World Cup Italia '90 is a football video game by Sega for Mega Drive in 1990 and Master System in 1991. The Mega Drive version is the European release of World Championship Soccer. The Master System version was released in Brazil as Super Futebol II.

==Summary==
Only the Master System game gives official groups, teams and the fidelity schedule of the championship. Gameplay occurs at a bird's-eye view and sees the player given the choice of participating as any of the teams that featured in the tournament itself (excluding the Republic of Ireland), and no qualifying tournaments to reach the World Cup are available on this game.

The Mega Drive version was later renamed to Sega Soccer on the Mega 6 compilation cartridge removing the Virgin Mastertronic credits.

In Brazil, the Master System version was released as a Master System exclusive with the name Super Futebol II. Super Futebol had been the name used in Brazil for World Championship Soccer.

==Official license==
Virgin Mastertronic owned the home license for the official video game of the 1990 World Cup.
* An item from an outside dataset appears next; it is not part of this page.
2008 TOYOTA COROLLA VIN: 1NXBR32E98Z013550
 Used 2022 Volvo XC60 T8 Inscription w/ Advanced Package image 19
This was used on their self-developed games for home computers under the title World Cup Soccer: Italia '90. They also published Sega games in Europe so used the licence for the different games for the Sega consoles.

This is the second licensed game based on the FIFA World Cup featuring the official logo and the mascot, the first having been the ill-fated World Cup Carnival for the 1986 FIFA World Cup.

==Reception==

Mega placed the game at #5 in their list of the 10 Worst Mega Drive Games of All Time, and awarded a score of 40%.

Review score
| Publication | Score |
|---|---|
| Computer and Video Games | 44% |

==See also==
There are other unofficial Italia '90 games: Italy 1990, Italy '90 Soccer and Italia 1990.